(Beginning of DATA BELOW)

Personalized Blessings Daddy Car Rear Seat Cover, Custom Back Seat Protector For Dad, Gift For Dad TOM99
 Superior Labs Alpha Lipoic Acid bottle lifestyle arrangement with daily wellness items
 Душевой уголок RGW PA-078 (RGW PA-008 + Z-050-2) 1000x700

(End of DATA BELOW)

■ WHAT THE TASK REQUIRES
The answer must be the lines from the one containing "Superior Labs Alpha" to the final line of the data above, copied exactly, both included, with nothing added.

■ EXPECTED OUTPUT
 Superior Labs Alpha Lipoic Acid bottle lifestyle arrangement with daily wellness items
 Душевой уголок RGW PA-078 (RGW PA-008 + Z-050-2) 1000x700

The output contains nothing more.